昨日は、人の悲しみに触れることが多かった。もちろん、自らの奥底から絡まるように這い出してきたものもあるのだが、とにかく、気分が晴れなかった。思考に雲がかかり、過去も未来も覆い隠された。今の一瞬は光を放つこともせず、ただ秒針を盾に、息を潜めた。携帯からインターネットで似たような絶望した人間を探し、それにアドバイスする回答者の意見を見ても、ポジティブな言葉が癪に障るだけだった。携帯を壁に叩きつけると、怒りは収まった。タバコが吸いたくなり、居間に行くと、父親が帰ってきていた。タバコを吸い、眠剤を飲んでいると、父親が他愛もない話で笑いながら話しかけてきて、なぜか腹が立った。自室に戻る際に、今度はペットボトルを扉に思い切り叩き付けた。母親の声が聞こえたが、どうでも良かった。今は早く、眠りに就きたかった。
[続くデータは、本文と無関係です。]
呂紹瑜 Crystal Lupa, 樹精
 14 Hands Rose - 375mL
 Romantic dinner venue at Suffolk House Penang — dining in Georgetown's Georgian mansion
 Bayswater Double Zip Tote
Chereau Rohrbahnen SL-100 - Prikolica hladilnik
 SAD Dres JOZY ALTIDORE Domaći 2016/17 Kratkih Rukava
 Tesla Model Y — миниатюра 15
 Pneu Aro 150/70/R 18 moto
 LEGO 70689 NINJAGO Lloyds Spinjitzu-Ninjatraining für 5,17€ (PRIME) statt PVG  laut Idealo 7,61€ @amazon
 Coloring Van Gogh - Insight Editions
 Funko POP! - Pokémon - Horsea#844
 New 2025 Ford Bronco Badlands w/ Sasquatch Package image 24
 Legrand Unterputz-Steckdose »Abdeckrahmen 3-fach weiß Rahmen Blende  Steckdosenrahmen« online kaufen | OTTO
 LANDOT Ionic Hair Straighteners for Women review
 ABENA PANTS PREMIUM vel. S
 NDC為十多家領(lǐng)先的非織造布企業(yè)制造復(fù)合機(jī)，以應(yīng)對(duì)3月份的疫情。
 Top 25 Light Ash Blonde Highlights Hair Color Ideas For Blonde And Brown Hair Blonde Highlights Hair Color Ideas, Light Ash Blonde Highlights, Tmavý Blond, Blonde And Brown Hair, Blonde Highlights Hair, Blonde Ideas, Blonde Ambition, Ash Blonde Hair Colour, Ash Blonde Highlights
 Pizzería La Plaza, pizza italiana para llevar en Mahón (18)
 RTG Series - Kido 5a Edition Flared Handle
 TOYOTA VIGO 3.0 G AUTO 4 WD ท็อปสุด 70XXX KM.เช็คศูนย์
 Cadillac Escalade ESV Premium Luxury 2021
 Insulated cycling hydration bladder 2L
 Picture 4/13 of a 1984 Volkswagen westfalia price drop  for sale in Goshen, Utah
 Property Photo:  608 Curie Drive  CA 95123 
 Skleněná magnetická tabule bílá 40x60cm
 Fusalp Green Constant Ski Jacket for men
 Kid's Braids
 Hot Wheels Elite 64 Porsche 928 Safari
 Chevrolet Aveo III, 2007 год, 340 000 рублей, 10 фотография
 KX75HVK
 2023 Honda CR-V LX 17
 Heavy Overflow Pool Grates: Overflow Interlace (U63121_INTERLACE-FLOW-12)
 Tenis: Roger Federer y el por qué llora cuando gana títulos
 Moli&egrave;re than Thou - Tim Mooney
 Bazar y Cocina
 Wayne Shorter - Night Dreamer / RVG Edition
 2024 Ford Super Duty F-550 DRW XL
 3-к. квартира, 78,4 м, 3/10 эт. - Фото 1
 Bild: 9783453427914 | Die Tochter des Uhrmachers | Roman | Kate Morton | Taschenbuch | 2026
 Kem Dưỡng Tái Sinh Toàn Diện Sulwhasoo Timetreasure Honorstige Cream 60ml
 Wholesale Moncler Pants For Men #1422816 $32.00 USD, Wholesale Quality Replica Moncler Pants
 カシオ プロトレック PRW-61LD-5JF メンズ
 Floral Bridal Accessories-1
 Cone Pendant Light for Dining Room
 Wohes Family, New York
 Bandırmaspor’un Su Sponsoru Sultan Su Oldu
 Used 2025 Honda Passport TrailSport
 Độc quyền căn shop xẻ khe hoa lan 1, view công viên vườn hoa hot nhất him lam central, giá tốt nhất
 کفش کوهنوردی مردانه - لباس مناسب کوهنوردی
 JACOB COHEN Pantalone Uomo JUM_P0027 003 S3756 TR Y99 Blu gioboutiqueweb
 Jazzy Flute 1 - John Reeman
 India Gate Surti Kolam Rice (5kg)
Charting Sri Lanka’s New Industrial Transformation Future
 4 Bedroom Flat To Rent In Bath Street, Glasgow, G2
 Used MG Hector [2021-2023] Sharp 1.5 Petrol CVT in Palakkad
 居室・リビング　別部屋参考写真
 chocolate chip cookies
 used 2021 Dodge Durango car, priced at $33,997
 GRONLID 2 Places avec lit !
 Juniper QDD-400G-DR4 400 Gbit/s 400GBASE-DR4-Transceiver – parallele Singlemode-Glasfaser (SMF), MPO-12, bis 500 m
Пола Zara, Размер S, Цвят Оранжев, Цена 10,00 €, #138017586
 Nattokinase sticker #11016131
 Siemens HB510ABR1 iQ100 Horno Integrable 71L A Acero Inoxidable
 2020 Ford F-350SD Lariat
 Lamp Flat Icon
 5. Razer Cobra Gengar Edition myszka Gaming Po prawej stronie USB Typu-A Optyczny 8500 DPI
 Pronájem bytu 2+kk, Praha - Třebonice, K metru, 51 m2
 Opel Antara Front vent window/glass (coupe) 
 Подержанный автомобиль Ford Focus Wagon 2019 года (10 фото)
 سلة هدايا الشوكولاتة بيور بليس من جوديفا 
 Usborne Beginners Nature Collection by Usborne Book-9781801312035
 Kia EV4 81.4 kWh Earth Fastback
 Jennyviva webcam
部屋で首を吊れる場所を目で探し、諦め、眠剤が効くのを待った。様々な死の場面を夢想しながら、俺は眠りに落ちた。

 

脳内彼女

俺は薄暗い体育館のような広間に座っていた。自分の身体の小ささから見ると、一人称は僕、のほうが合っているのかもしれなかった。目の前には厚化粧をした先生が怒鳴り声を上げている。俺は罪悪感から嗚咽を漏らして泣いていた。

確かに、幼稚園の頃は活発で、人の言うことを聞かなかった。だから、先生からストレスのはけ口にされることも理解できた。そのせいで内向的になったとしても、別に今になって咎めに行くほど、恨んではいない。

毎日のように怒られながらも、家では愛を受けていたと思う。家族3人で談笑しながら晩飯を共にした映像が浮かんでくる。どこかに旅行に行った経験も、何度もあった筈だ。

つまり、全く愛を知らない人間では無かったということだ。しかし、愛の味を知っているからこそ、失った時には口が淋しくなるものだ。

小学校に上がると、俺は人との関わりを避けた。というよりも、近づかせないように刃物を振り回していた。人は、傷つかないように俺を避けた。家では、精神病になった母親が、ヒステリックに俺に怒鳴った。泣き寝入りする俺を、別人格の母親が、抱きしめた。愛と呼ぶには恣意的な、重さが絡みつくものだった。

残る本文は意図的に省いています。